Rene van Buitenen, Spokesperson, Dutch Dairy Association, told FoodIngredientsFirst: “I would not say the industry is in a crisis. Midterm forecasts for the dairy industry are good. Worldwide demand for dairy is increasing more than supply in the upcoming years following reports of OECD, FAO, European Commission and Rabobank. Due to the volatile markets the growth will be with ups (like in 2007/2008, 2012 /2013) and downs (like in 2009 and 2015).”
In terms of opportunities, he says, the opportunities for dairy companies are to fill in the growing need in the world in a way that is sustainable.
“The winners will be those who are able to gain access to new markets and to produce new innovative concepts in a sustainable way. The area in Northwestern Europe is very well equipped as well as situated to be the winner in the industry thanks to the good climate conditions to produce milk in an efficient way, good infrastructure and the high level of knowledge and the level of the quality of the products.
Van Buitenen thinks that the European producers will survive the Russian action. “They have been dealing with it for more than one and a half years now. The market had find its alternatives since then. The biggest growing markets are China, Hong Kong, SE Asia, Northern Africa, West Africa. To survive this market you have to be very cost-efficient.”
Bellamy said the view of Rabobank’s Food & Agribusiness Research and Advisory is that China will come back on to the world dairy market in the second half of this year. But he stressed that a lift in international dairy prices is dependent on a number of factors, not just an increase in Chinese demand. These factors include an expected lower milk output in New Zealand, which is already about 3% below last year’s curve. “That will take about 1.5 billion liters off world supply,” he says. As for the US, “it really has an internally structured dairy market, rather than being export focused. But the strong dollar isn’t going to help them export much this year.”
Seamus Greene, International Sales Manager at Ornua Ingredients, told FoodIngredientsFirst how the end of the milk quota system has led to a huge adjustment for buyers and sellers in dairy. “We are now operating in a liberated environment, where those who are most efficient are rewarded, because there are no limits in terms of the amount that can be delivered,” he said. “So it brings opportunities on the one side, but also challenges. There has been a significant rise in supply over a short period of time. Managing that oversupply and consumer demand is quite challenging. But long term it is quite positive step, not only for Ireland, but for the European dairy industry as a whole,” he added.
Greene admitted that there has been somewhat of a “perfect storm,” with the milk quotas ending at around the same time as Russian trade sanctions with EU countries and several other market challenges. “On the one hand you have the benefits of unlimited supply, but on the other, you have various factors that have not been in our favor, such as the Russian ban and the impact of the Chinese lack of demand [for milk powder]. You also have the oil revenue issue of the Middle East, where purchasing power has halved over a period of a year, as a result of falling oil prices. A lot of our business goes into those milk deficit countries, which are oil revenue generators.”

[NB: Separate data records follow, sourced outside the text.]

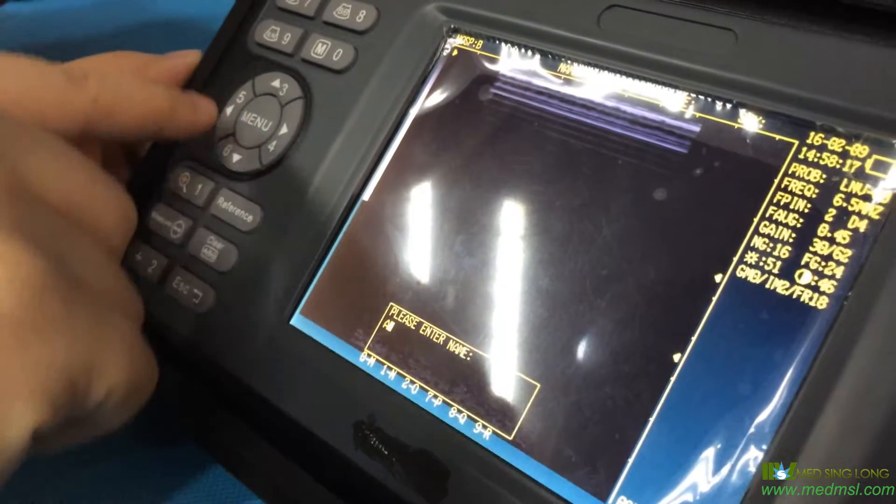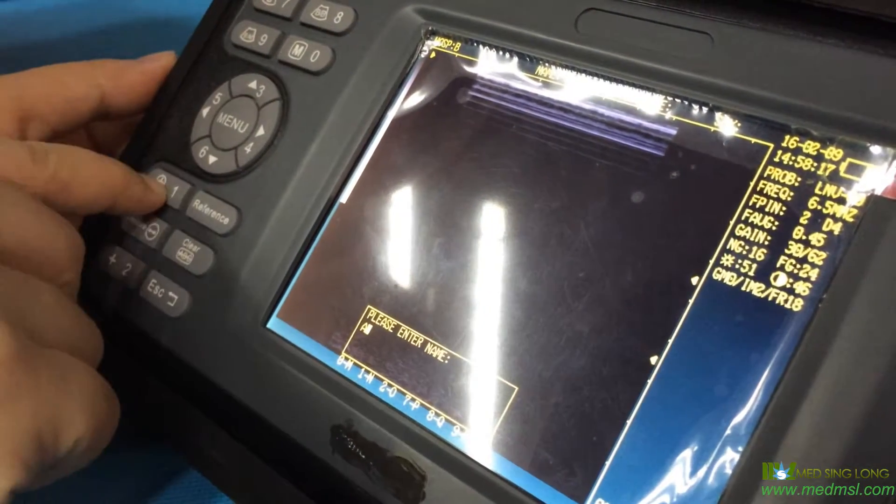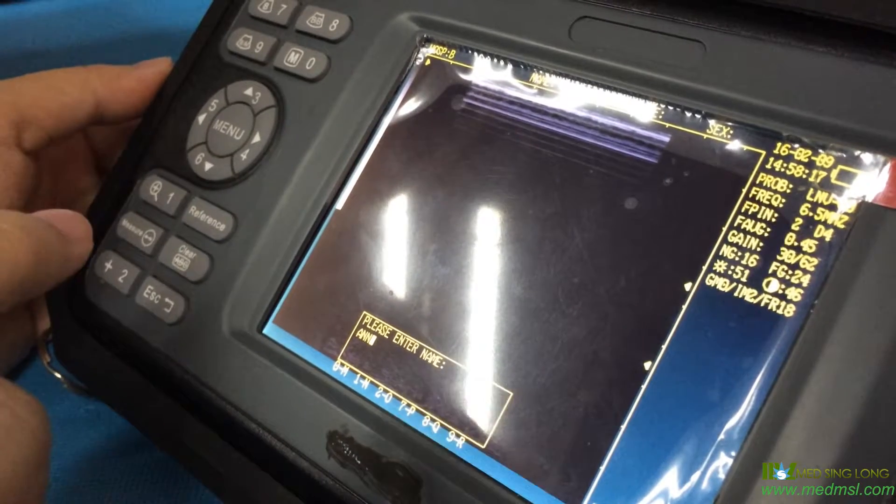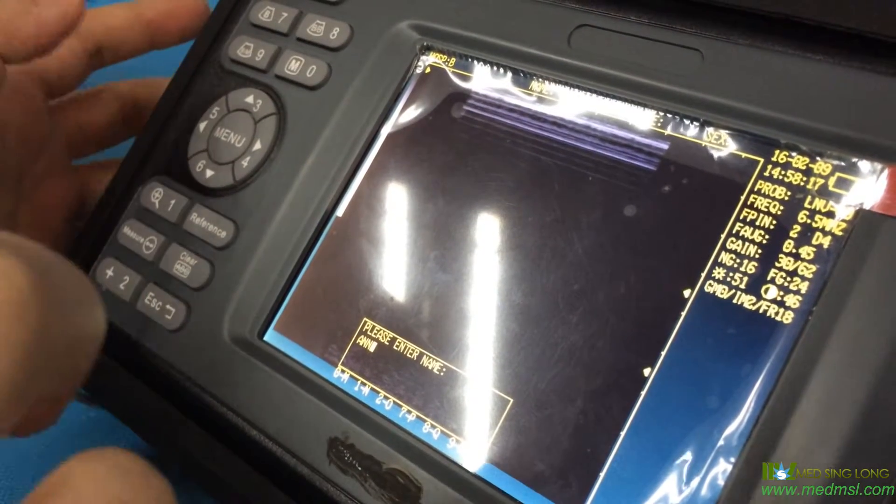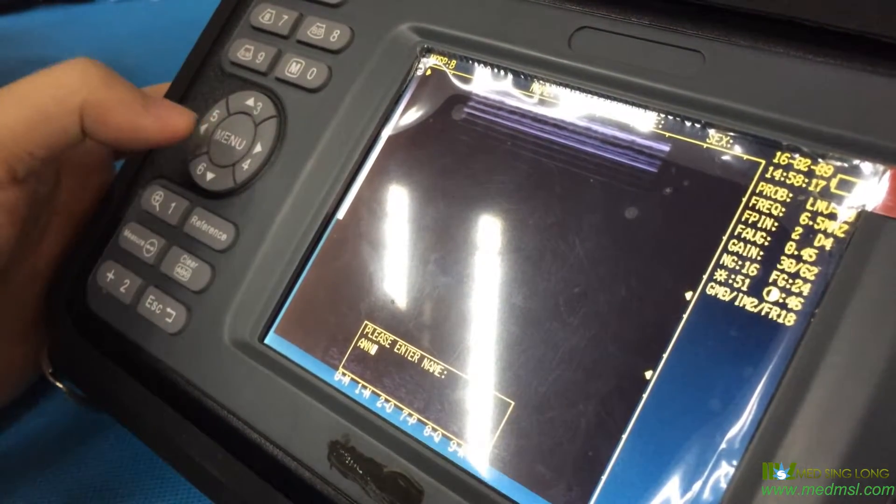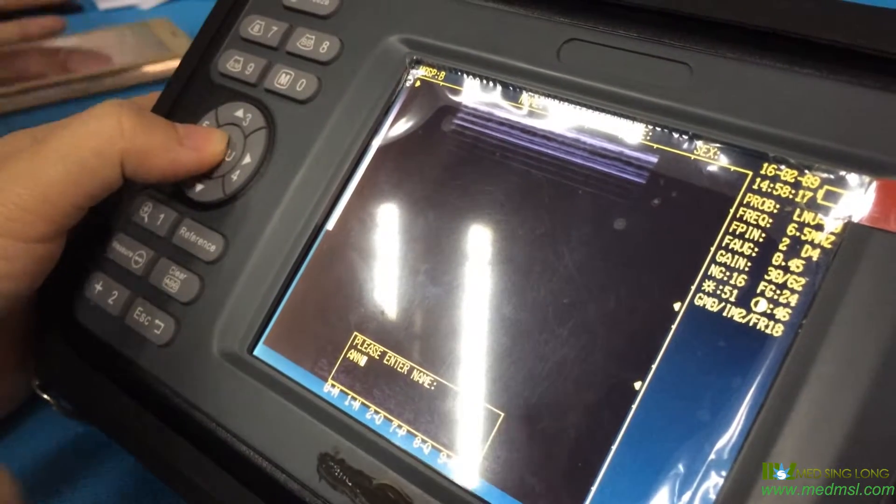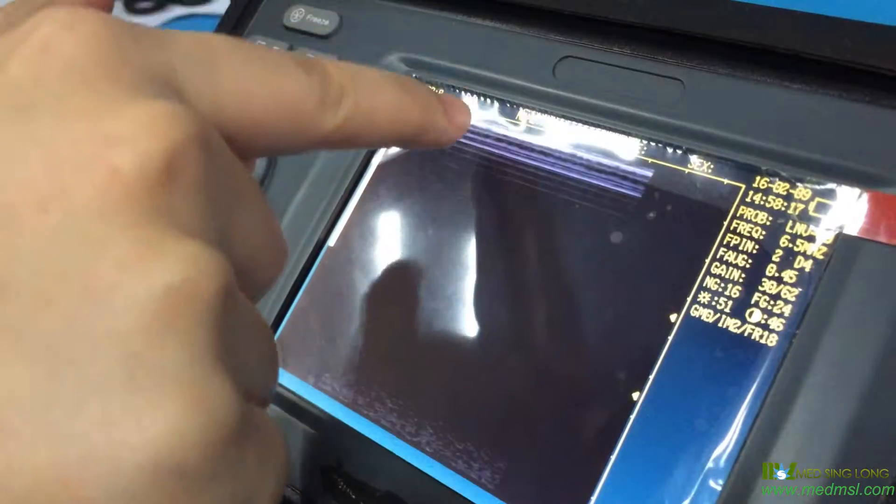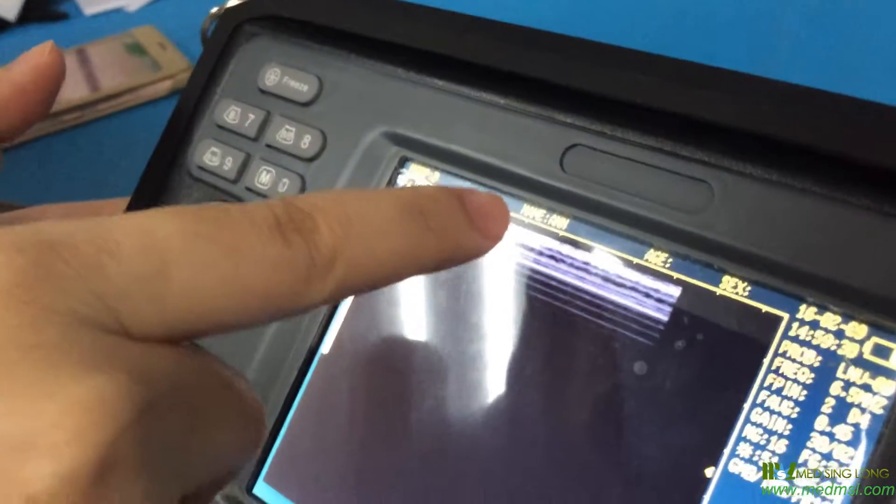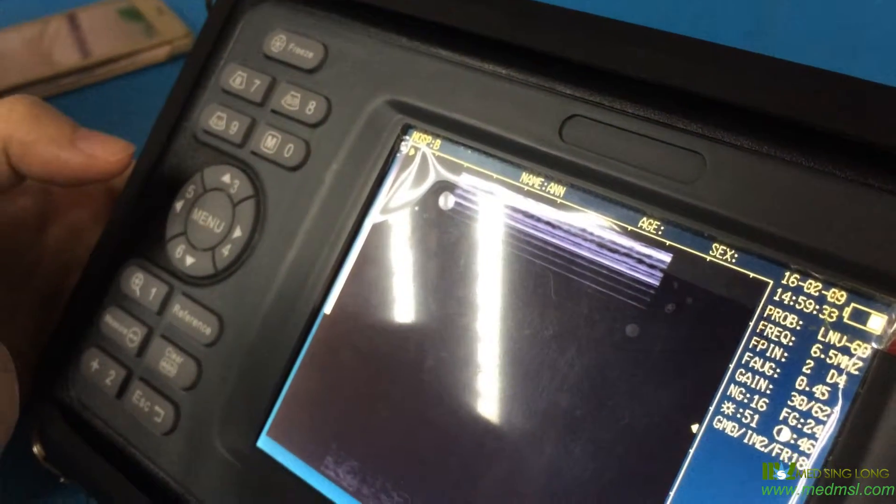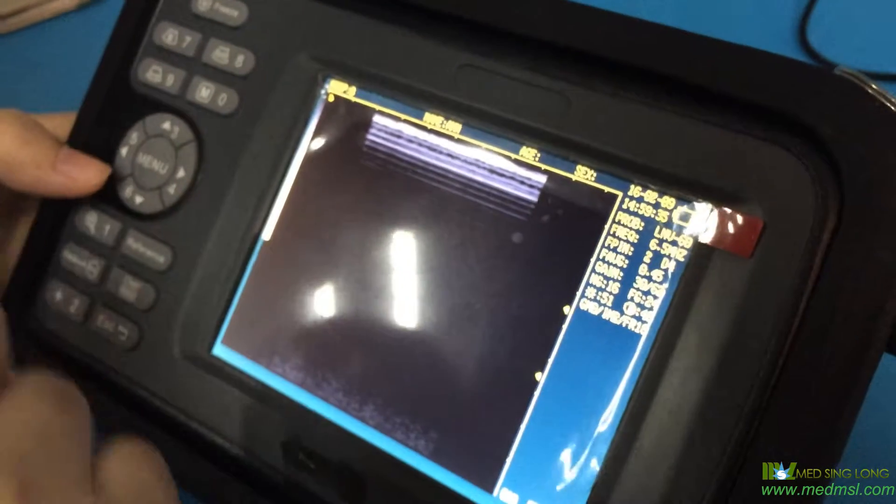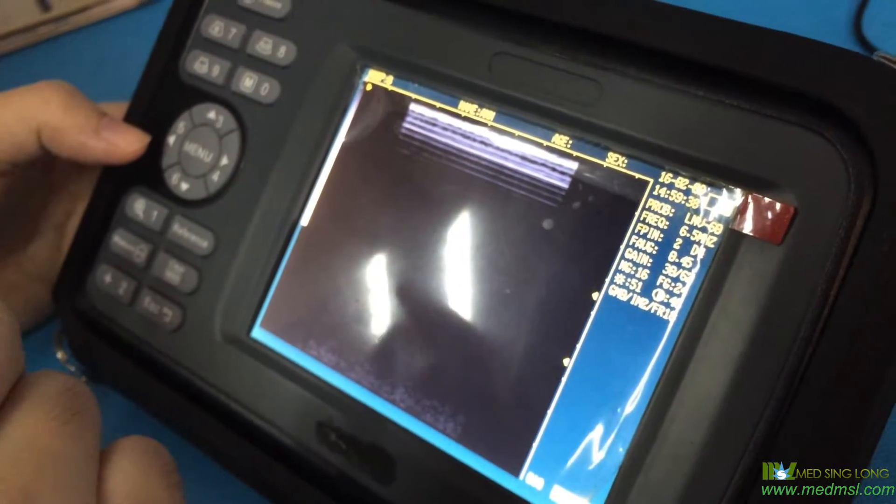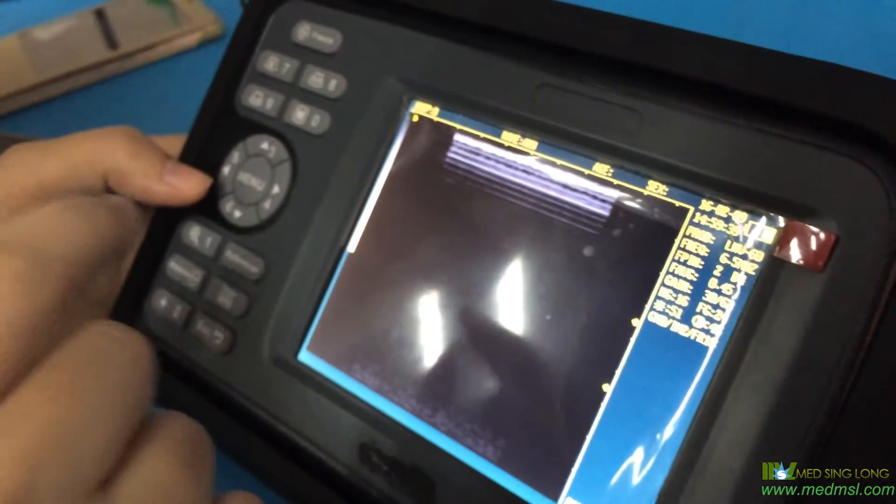One is N. Now we finish entering the name and then push the menu button to save it. You can see the name is now saved as AMM. If you want to write down the age of the animal, you need to access the menu again.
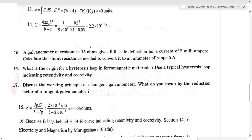The shunt resistance formula is S equal to Ig into G divided by I minus Ig, where Ig is the galvanometer current and G is the galvanometer resistance. Substituting the values, the shunt resistance is equal to 0.006 ohms.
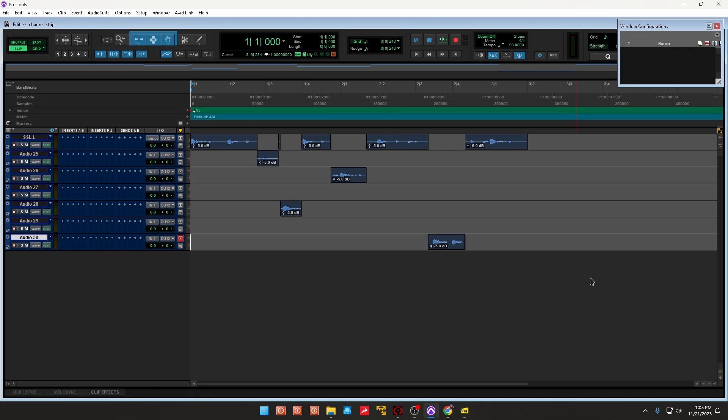So in today's video, I'm going to show you how to deal with vocals that look like this. You may have vocals that are overlapping each other and you may have multiple tracks, but it's the same vocal.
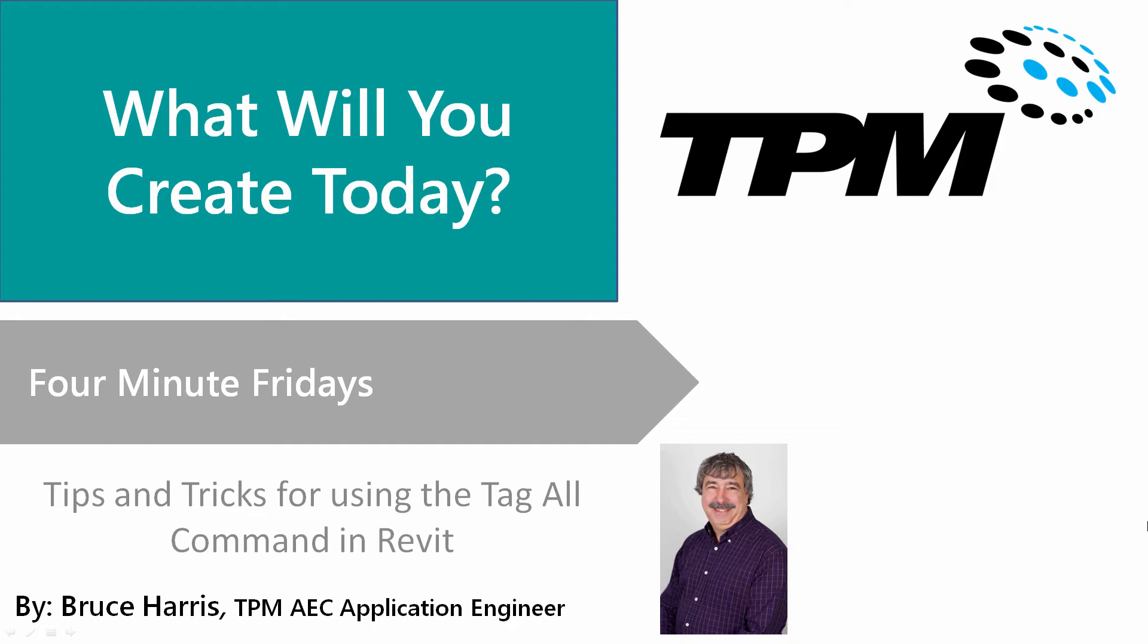Welcome to another installment of TPM's Four Minute Fridays. My name is Bruce Harris. I'm a senior application engineer here at TPM and today's topics are going to be tips and tricks for using the tag all command in Revit.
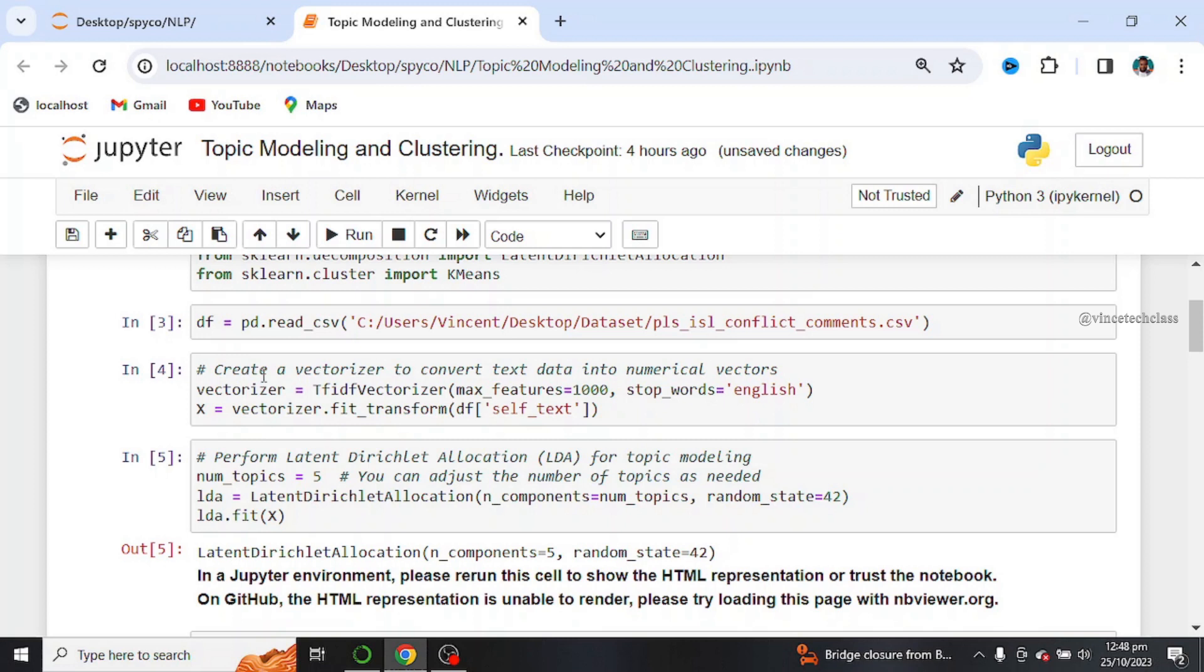Next, we create a vectorizer to convert text data into numerical vectors. Next, we perform latent Dirichlet allocation for topic modeling. And we set our number of topics to be 5, but you can adjust this number of topics as needed.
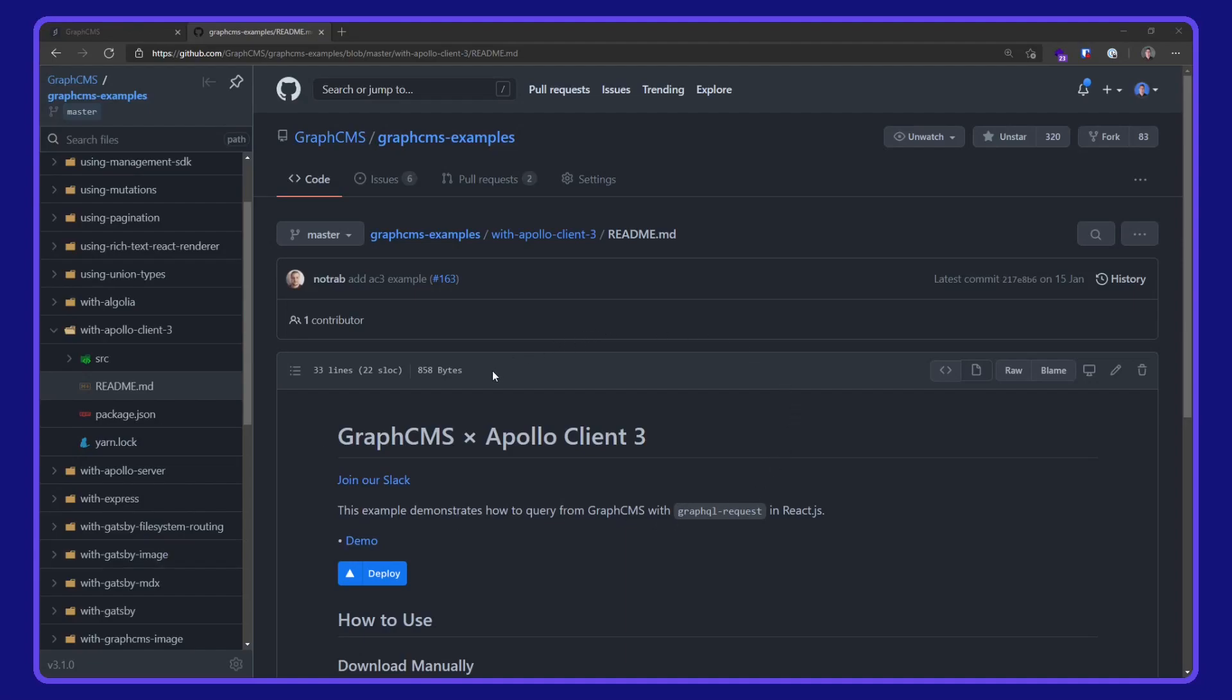Okie dokie. In this video, we are taking a look at using Apollo Client 3 in GraphCMS. This example is available on the GraphCMS examples repo over on GitHub.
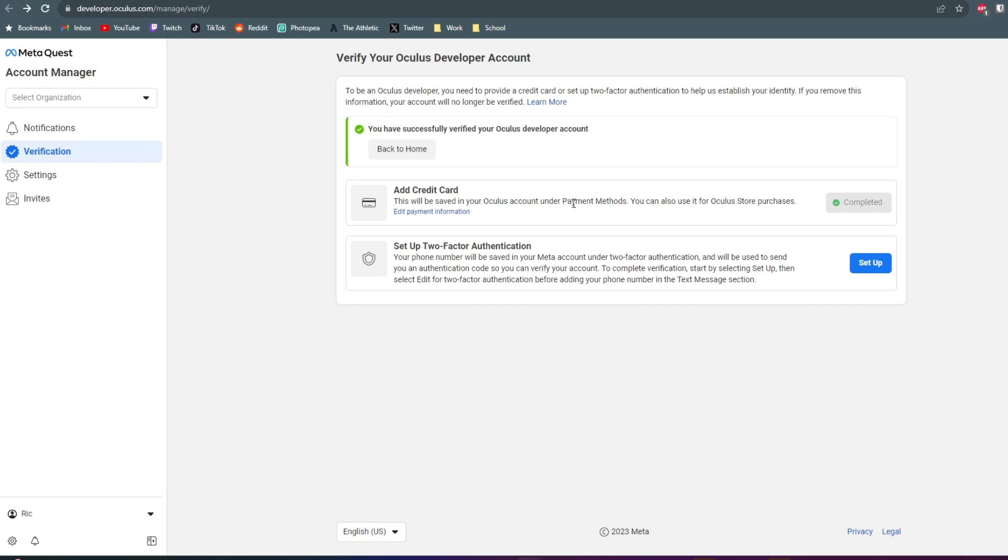So once you've done that, you'll then want to come to the top left corner. And under Account Manager, you want to click on Select Organization. And then click on Create.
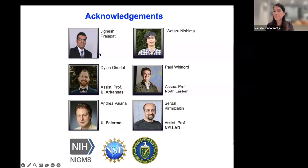Alright, we'll close the session. Thank you so much for your wonderful talk. Thanks so much for the invite and all the great questions. See everyone in two weeks.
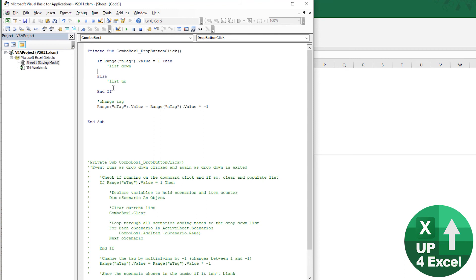And when it goes up, it will run because the value will be minus one, it will run that. And then that code, that little statement now will keep flipping it between one and minus one.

But Greene is positive in the medium and long term. “If you look at all the studies, general dairy demand is growing. Even in countries like China, which do have challenges at the moment, the westernization of their diet and the movement of their population to the large urban centers, will drive consumption of dairy. Once we get through this current challenge, the long term global demand for dairy will outstrip the supply growth.”
What is clear is that amid the turmoil of politics, economics, weather and market trends, there are many opportunities for the global dairy industry, which will see it return to a healthy, profitable sector. After all, the world will never stop demanding milk and its by-products.